Work to be completed —
Each record that follows is to be reproduced character for character, pictures excepted.

(Captioned web image data)
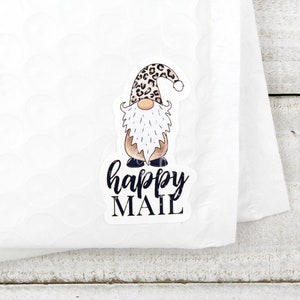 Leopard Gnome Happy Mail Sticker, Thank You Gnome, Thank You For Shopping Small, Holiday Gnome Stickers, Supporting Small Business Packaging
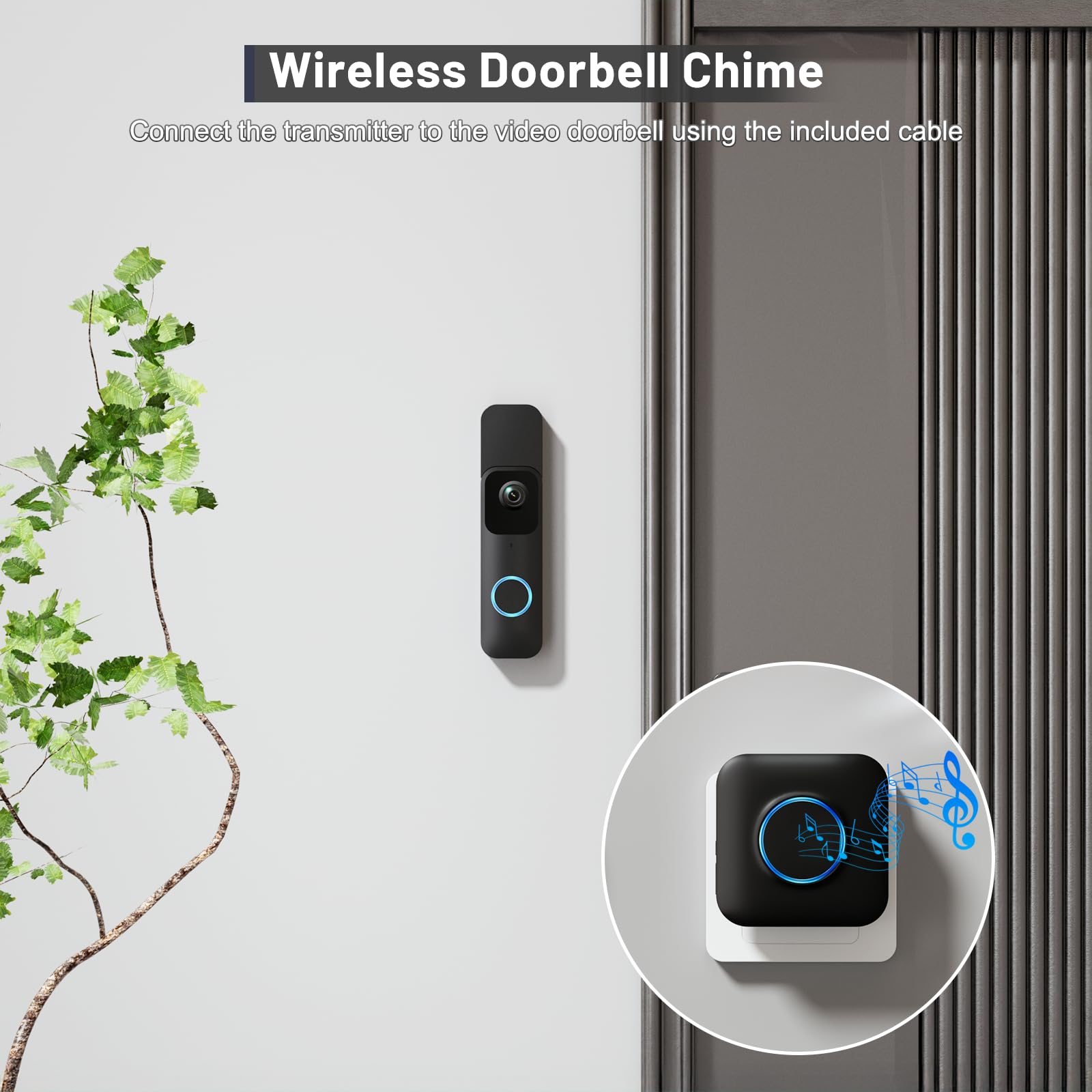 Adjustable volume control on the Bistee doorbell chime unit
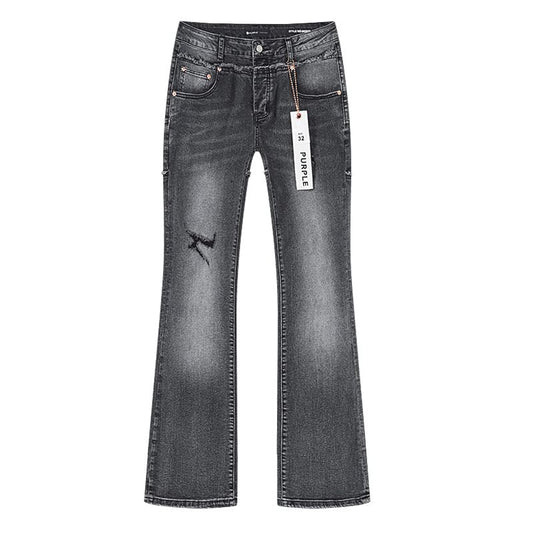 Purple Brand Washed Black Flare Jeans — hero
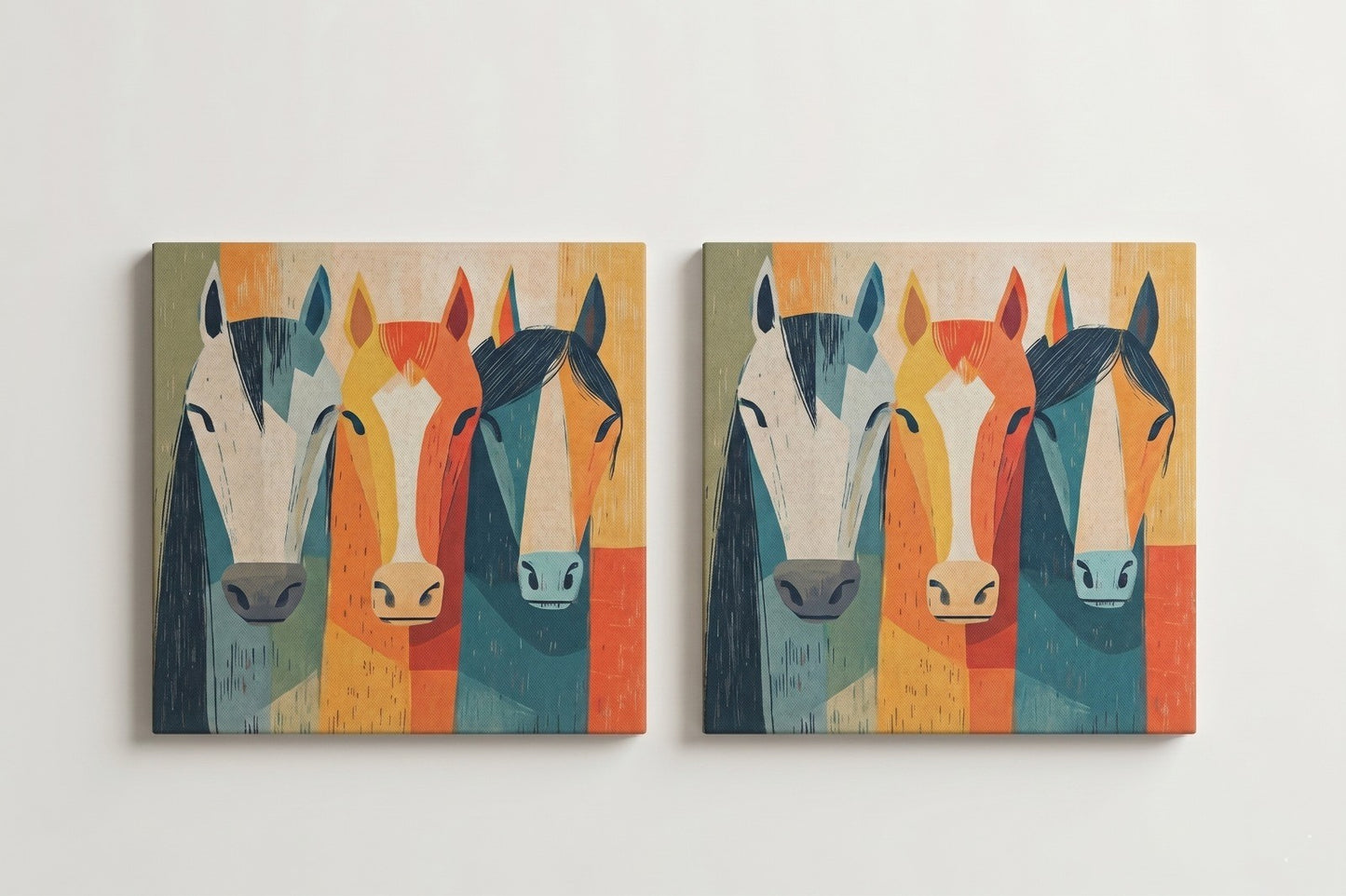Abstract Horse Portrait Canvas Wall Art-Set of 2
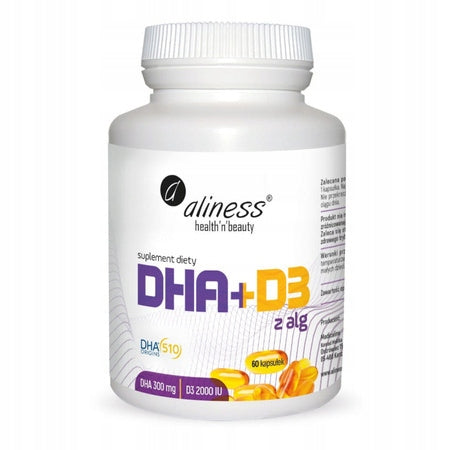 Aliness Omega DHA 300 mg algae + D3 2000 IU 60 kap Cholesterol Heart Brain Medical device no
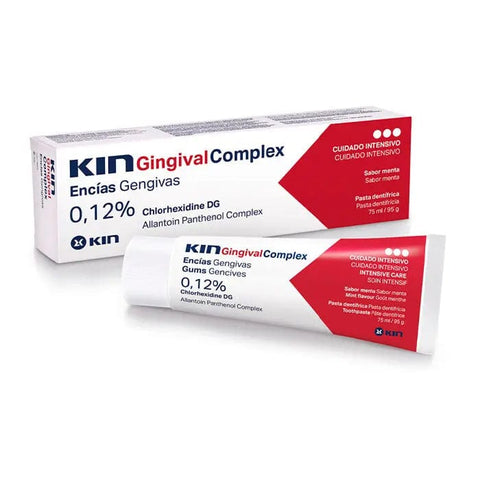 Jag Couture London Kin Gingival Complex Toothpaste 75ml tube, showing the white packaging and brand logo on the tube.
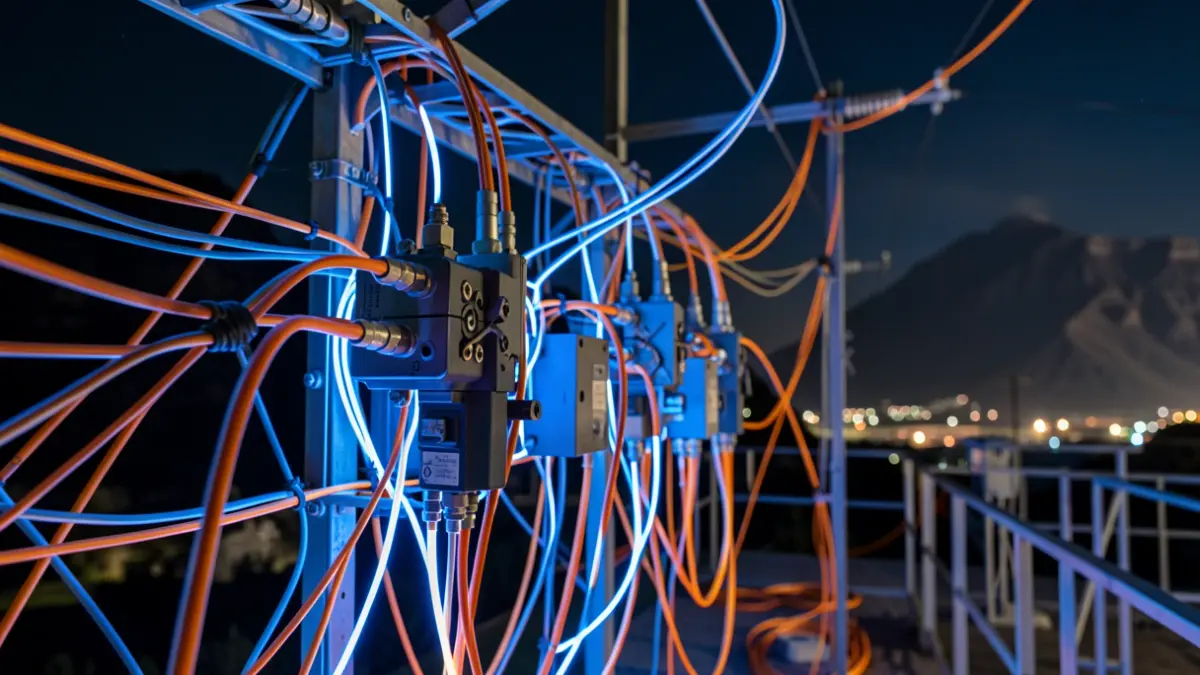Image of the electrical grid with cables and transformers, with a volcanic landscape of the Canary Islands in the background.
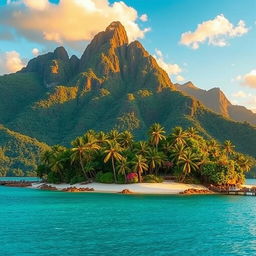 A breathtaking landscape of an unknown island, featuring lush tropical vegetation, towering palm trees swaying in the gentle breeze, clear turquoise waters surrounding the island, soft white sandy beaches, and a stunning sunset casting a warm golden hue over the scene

Answer box —
 Leopard Gnome Happy Mail Sticker, Thank You Gnome, Thank You For Shopping Small, Holiday Gnome Stickers, Supporting Small Business Packaging
 Adjustable volume control on the Bistee doorbell chime unit
 Purple Brand Washed Black Flare Jeans — hero
Abstract Horse Portrait Canvas Wall Art-Set of 2
 Aliness Omega DHA 300 mg algae + D3 2000 IU 60 kap Cholesterol Heart Brain Medical device no
 Jag Couture London Kin Gingival Complex Toothpaste 75ml tube, showing the white packaging and brand logo on the tube.
Image of the electrical grid with cables and transformers, with a volcanic landscape of the Canary Islands in the background.
 A breathtaking landscape of an unknown island, featuring lush tropical vegetation, towering palm trees swaying in the gentle breeze, clear turquoise waters surrounding the island, soft white sandy beaches, and a stunning sunset casting a warm golden hue over the scene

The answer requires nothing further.